The `chunk` function is not differentiable on GPU

bicycle1885 commented 10 months ago

I found that operations involving the chunk function are not differentiable on GPU.

using CUDA, Flux

struct Model
    layers
end

function Model()
    dense = Dense(3 => 8)
    Model((;dense))
end

Flux.@functor Model

function (model::Model)(x)
    y = model.layers.dense(x)
    a, b = Flux.chunk(y, size = [4, 4], dims = 1)
    sum(a + b)
end

model = Model()
x = randn(Float32, 3, 10)

x, model = gpu((x, model))
@show model(x)
Flux.withgradient(model -> model(x), model)

When I try to run this, I see the following error:

ERROR: LoadError: MethodError: no method matching parent(::Type{SubArray{Union{ChainRulesCore.ZeroTangent, CuMatrix{Float32, CUDA.Mem.DeviceBuffer}, DenseCuMatrix{Float32, CUDA.Mem.DeviceBuffer}}, 0, Vector{Union{ChainRulesCore.ZeroTangent, CuMatrix{Float32, CUDA.Mem.DeviceBuffer}, DenseCuMatrix{Float32, CUDA.Mem.DeviceBuffer}}}, Tuple{Int64}, true}})

Closest candidates are:
  parent(!Matched::Union{LinearAlgebra.Adjoint{T, S}, LinearAlgebra.Transpose{T, S}} where {T, S})
   @ LinearAlgebra ~/.julia/juliaup/julia-1.9.3+0.x64.linux.gnu/share/julia/stdlib/v1.9/LinearAlgebra/src/adjtrans.jl:341
  parent(!Matched::Union{LinearAlgebra.LowerTriangular{T, S} where S<:AbstractMatrix{T}, LinearAlgebra.UnitLowerTriangular{T, S} where S<:AbstractMatrix{T}, LinearAlgebra.UnitUpperTriangular{T, S} where S<:AbstractMatrix{T}, LinearAlgebra.UpperTriangular{T, S} where S<:AbstractMatrix{T}} where T)
   @ LinearAlgebra ~/.julia/juliaup/julia-1.9.3+0.x64.linux.gnu/share/julia/stdlib/v1.9/LinearAlgebra/src/triangular.jl:164
  parent(!Matched::Union{LinearAlgebra.Hermitian{T, S}, LinearAlgebra.Symmetric{T, S}} where {T, S})
   @ LinearAlgebra ~/.julia/juliaup/julia-1.9.3+0.x64.linux.gnu/share/julia/stdlib/v1.9/LinearAlgebra/src/symmetric.jl:275
  ...

Full error message: log.txt

My environment is:

julia> versioninfo()
Julia Version 1.9.3
Commit bed2cd540a1 (2023-08-24 14:43 UTC)
Build Info:
  Official https://julialang.org/ release
Platform Info:
  OS: ]Linux (x86_64-linux-gnu)
  CPU: 16 × Intel(R) Xeon(R) Gold 6134 CPU @ 3.20GHz
  WORD_SIZE: 64
  LIBM: libopenlibm
  LLVM: libLLVM-14.0.6 (ORCJIT, skylake-avx512)
  Threads: 1 on 16 virtual cores
Environment:
  JULIA_PROJECT = @.

(tmp) pkg> st
Status `~/tmp/Project.toml`
  [052768ef] CUDA v5.0.0
  [587475ba] Flux v0.14.6
  [02a925ec] cuDNN v1.2.0

Manifest.toml and Project.toml are the followings (the file name extensions are replaced for uploading).

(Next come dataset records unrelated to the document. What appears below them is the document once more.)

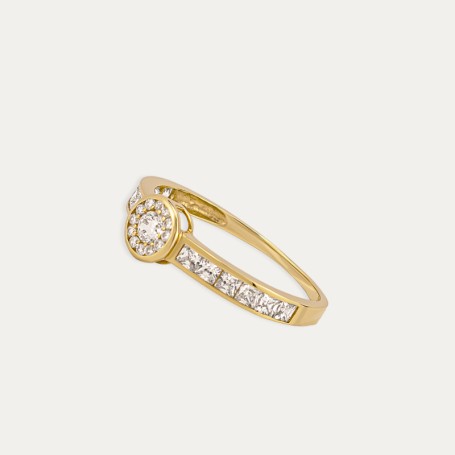 Anillo Oro Circonitas Lirio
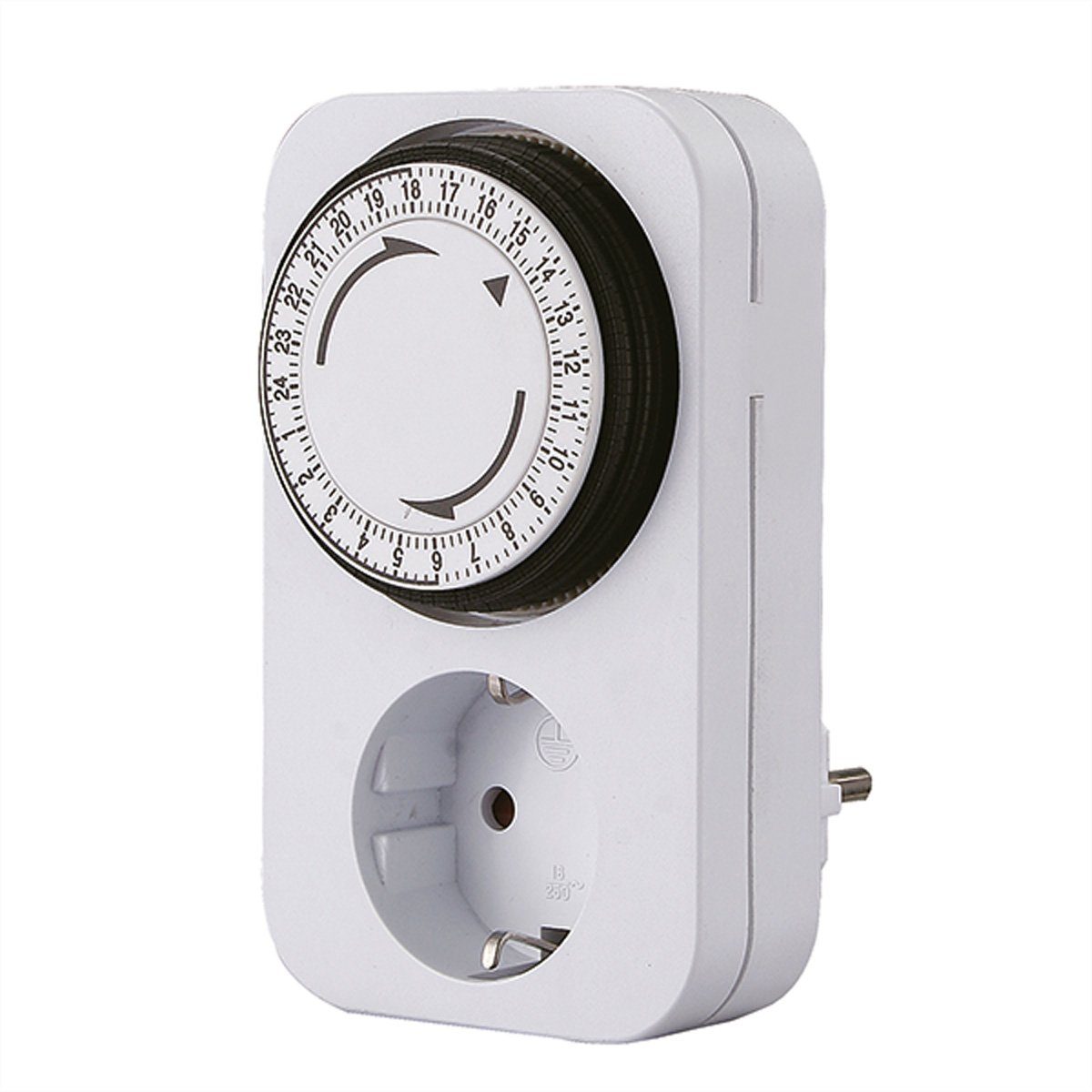 Bachmann Mechanischer Timer 24h Steckdosenleiste (Kabellänge 0 m), Mechanischer Timer 24h 1GD/1A-1 weiß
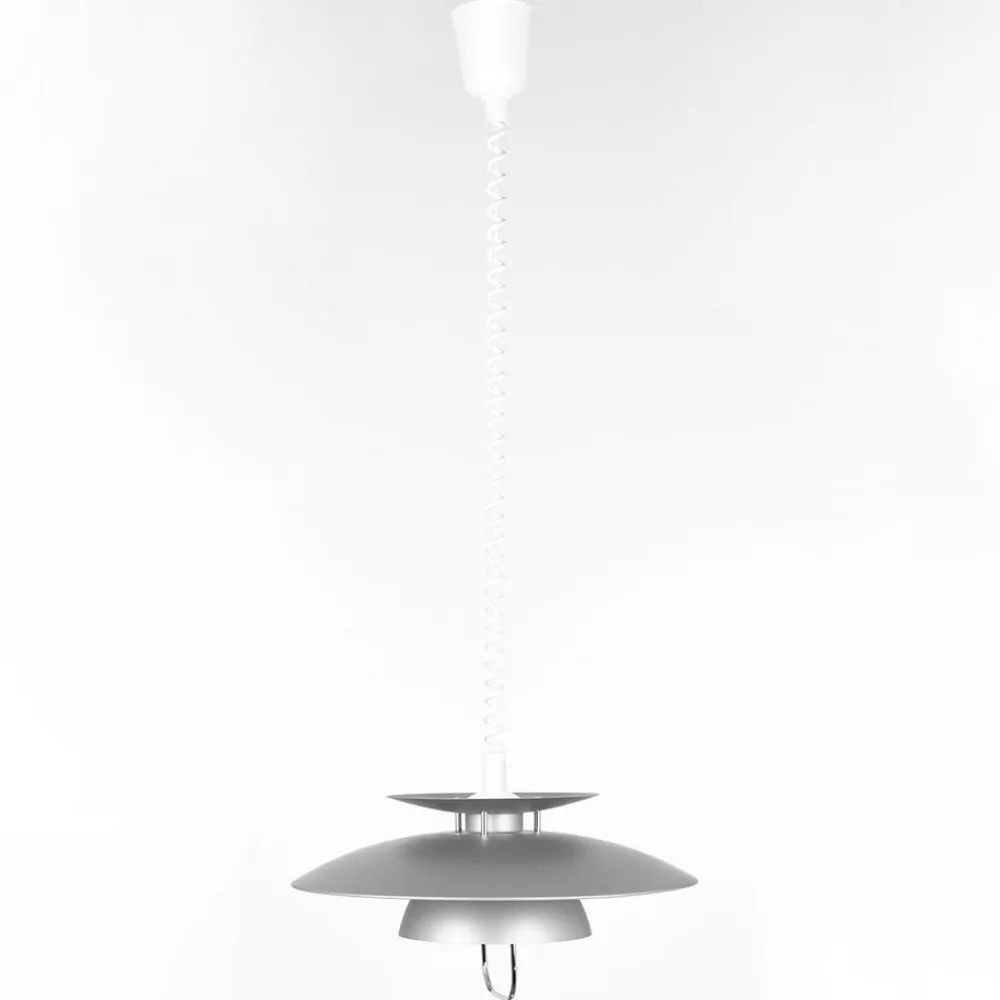 Lindby hængelampe Nadija, grå, 43 cm, højdejusterbar, E27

Manifest.txt Project.txt

bicycle1885 commented 10 months ago

I found that this might be caused by Zygote.jl 0.6.67 because the problem goes away when I downgrade Zygote.jl to 0.6.66.

mcabbott commented 10 months ago

This looks like a bug in the CR rrule being used here, after Zygote deleted its rule. Any chance you can isolate it further, e.g. to a single getindex call which gives a similar error?

bicycle1885 commented 10 months ago

I'm not sure what you expect. Can you elaborate on this? Then, I'll test it soon.

to a single getindex call which gives a similar error?

mcabbott commented 10 months ago

Sorry, what I mean is that chunk must end up doing some indexing, maybe like x[:,1], which uses the rule for getindex, which shows up in the stacktrace. I think the error can probably be reproduced by something like gradient(x -> sum(abs2, x[:, 2:3]), cu(rand(2,3))) but I'm not sure what the indices needed are.

This is the relevant bit of the stacktrace:

  [4] materialize!
    @ ~/.julia/packages/GPUArrays/dAUOE/src/host/broadcast.jl:46 [inlined]
  [5] materialize!
    @ ./broadcast.jl:881 [inlined]
  [6] ∇getindex!(dx::Vector{Union{ChainRulesCore.ZeroTangent, CuMatrix{Float32, CUDA.Mem.DeviceBuffer}, DenseCuMatrix{Float32, CUDA.Mem.DeviceBuffer}}}, dy::CuArray{Float32, 2, CUDA.Mem.DeviceBuffer}, inds::Int64)
    @ ChainRules ~/.julia/packages/ChainRules/Tvwnx/src/rulesets/Base/indexing.jl:147
  [7] ∇getindex(x::Vector{SubArray{Float32, 2, CuArray{Float32, 2, CUDA.Mem.DeviceBuffer}, Tuple{UnitRange{Int64}, Base.Slice{Base.OneTo{Int64}}}, false}}, dy::CuArray{Float32, 2, CUDA.Mem.DeviceBuffer}, inds::Int64)
    @ ChainRules ~/.julia/packages/ChainRules/Tvwnx/src/rulesets/Base/indexing.jl:89

Here Vector{SubArray{..., CuArray means perhaps something like x = collect(eachcol(cu(rand(2,3))) is being indexed.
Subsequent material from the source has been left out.